Exercise details. The expected result is a verbatim repetition of the lines from the start of the entries through the line containing "The salting out", with the pictures removed.
=== Begin Enclosure ===
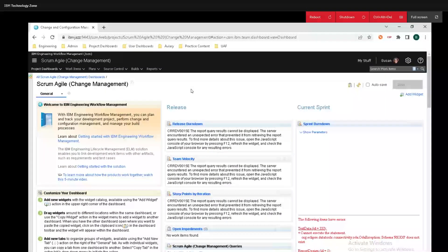Hey y'all, Reshermet here from IBM, and today I'm going to show you how to assign roles in IBM's engineering workflow management.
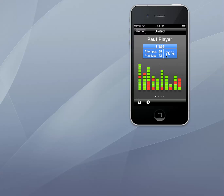Paul has completed 42 of his 55 pass attempts, giving him a pass completion ratio of 76%. That means that 13 of Paul's passes were incomplete. There could be an issue here — at the level Paul is playing at he should really be aiming to complete more than 80% of his passes. So the quantity is good but the quality could be better.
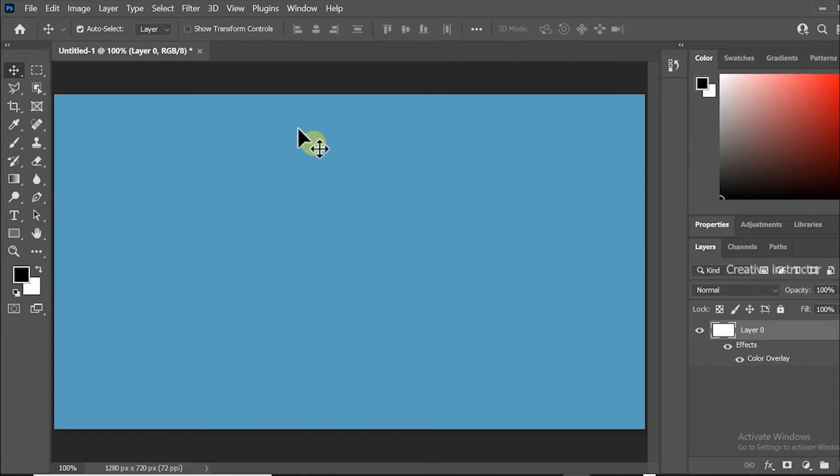Hi all, welcome back to another Photoshop tutorial. Today I am going to show you how to create sliced text effect in Photoshop.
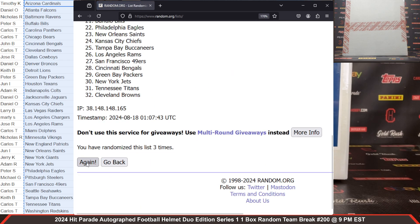All right guys, let's get to it. We've got our box right here. 2024 Hit Parade autographed football helmet duo edition, series 1, box number 63, 63 out of 100. We've got one autographed full-size helmet and one autographed mini helmet in here. It's a fun product. All right, let's get the plastic off our box here first.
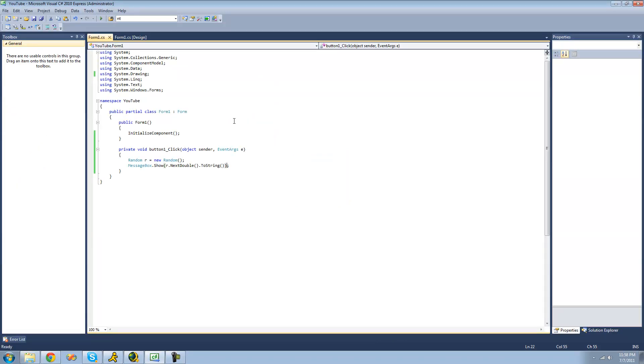That's pretty much it for this tutorial on generating random numbers in C#. See you guys.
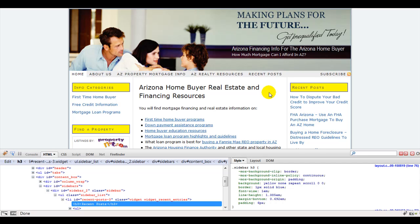Thank you for viewing this quick tutorial on Firebug. Please stay tuned for more tutorials from low-cost website solutions dot com.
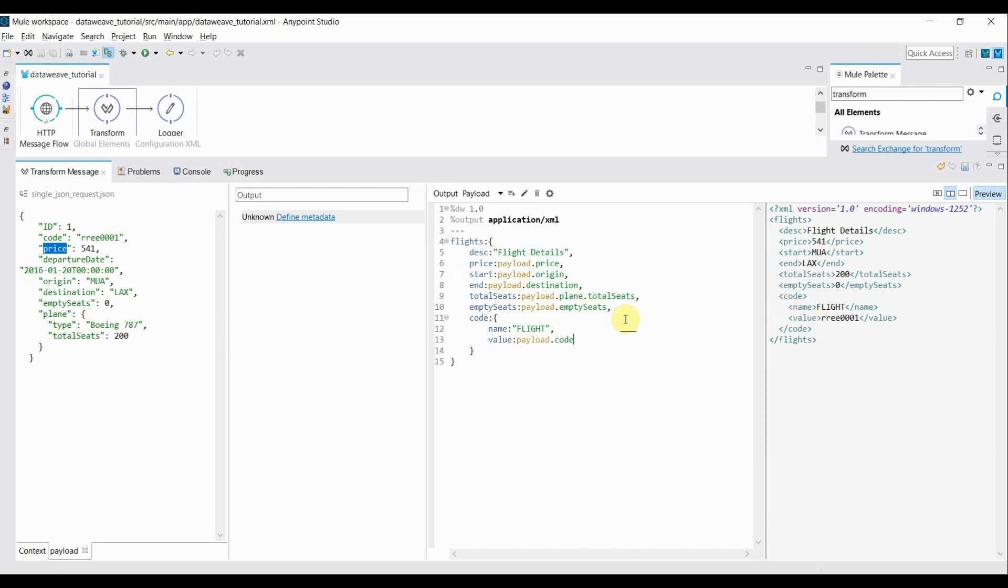This is how you can convert any JSON request into either JSON form or XML form using DataWeave expression language. In the next tutorial, we'll continue the same topic and try to transform some complex data structures like array of JSON.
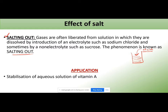The salting out phenomenon occurs because the gas was dissolved in the liquid through some interaction between gas and liquid molecules. As soon as an electrolyte or non-electrolyte with high water solubility is added, it breaks the bonds between gas and water and forms bonds with water instead, because water has more preference for the electrolyte than for the gas. As a result, the gas is liberated into the environment.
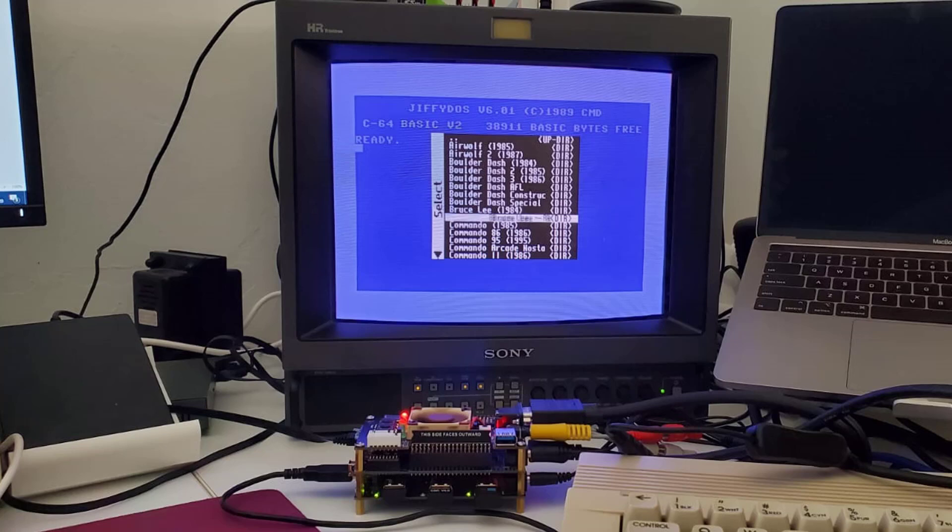We will start with the regular C64 kernel, measuring load time. Then I will guide you on how to set up Jiffy DOS using Windows — the same process is relevant to Mac and Linux as well. Once done, I'll configure the MiSTer to use the updated Jiffy DOS kernel, and then we'll load the game again and measure the load time, to show the huge difference between the default kernel and Jiffy DOS. Hope you'll find it useful — enjoy!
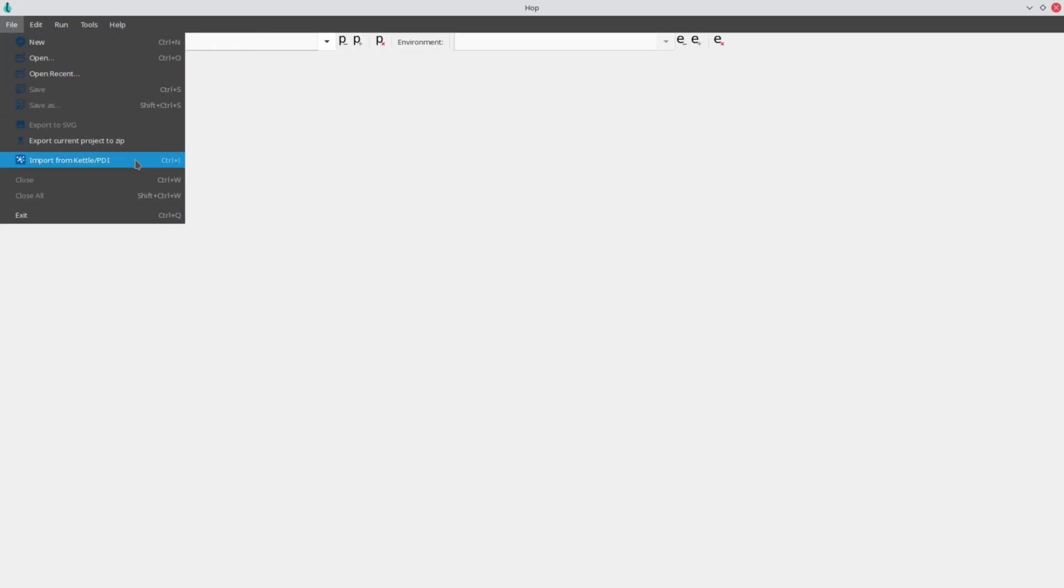Pentaho projects can be imported into Apache Hop from the Hop GUI through the File, Import from Kettle PDI menu entry.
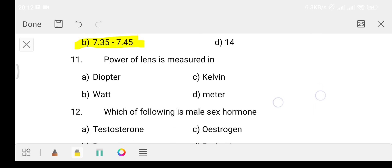Question number 11: Power of lens is measured in which unit? Option A diopter, Option B watt, Option C kelvin, Option D meter. The answer is Option A - diopter. Diopter is the unit used to measure the power of a lens.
=== End Enclosure ===
Answer space.
Hey y'all, Reshermet here from IBM, and today I'm going to show you how to assign roles in IBM's engineering workflow management.
Paul has completed 42 of his 55 pass attempts, giving him a pass completion ratio of 76%. That means that 13 of Paul's passes were incomplete. There could be an issue here — at the level Paul is playing at he should really be aiming to complete more than 80% of his passes. So the quantity is good but the quality could be better.
Hi all, welcome back to another Photoshop tutorial. Today I am going to show you how to create sliced text effect in Photoshop.
All right guys, let's get to it. We've got our box right here. 2024 Hit Parade autographed football helmet duo edition, series 1, box number 63, 63 out of 100. We've got one autographed full-size helmet and one autographed mini helmet in here. It's a fun product. All right, let's get the plastic off our box here first.
That's pretty much it for this tutorial on generating random numbers in C#. See you guys.
Thank you for viewing this quick tutorial on Firebug. Please stay tuned for more tutorials from low-cost website solutions dot com.
This is how you can convert any JSON request into either JSON form or XML form using DataWeave expression language. In the next tutorial, we'll continue the same topic and try to transform some complex data structures like array of JSON.
The salting out phenomenon occurs because the gas was dissolved in the liquid through some interaction between gas and liquid molecules. As soon as an electrolyte or non-electrolyte with high water solubility is added, it breaks the bonds between gas and water and forms bonds with water instead, because water has more preference for the electrolyte than for the gas. As a result, the gas is liberated into the environment.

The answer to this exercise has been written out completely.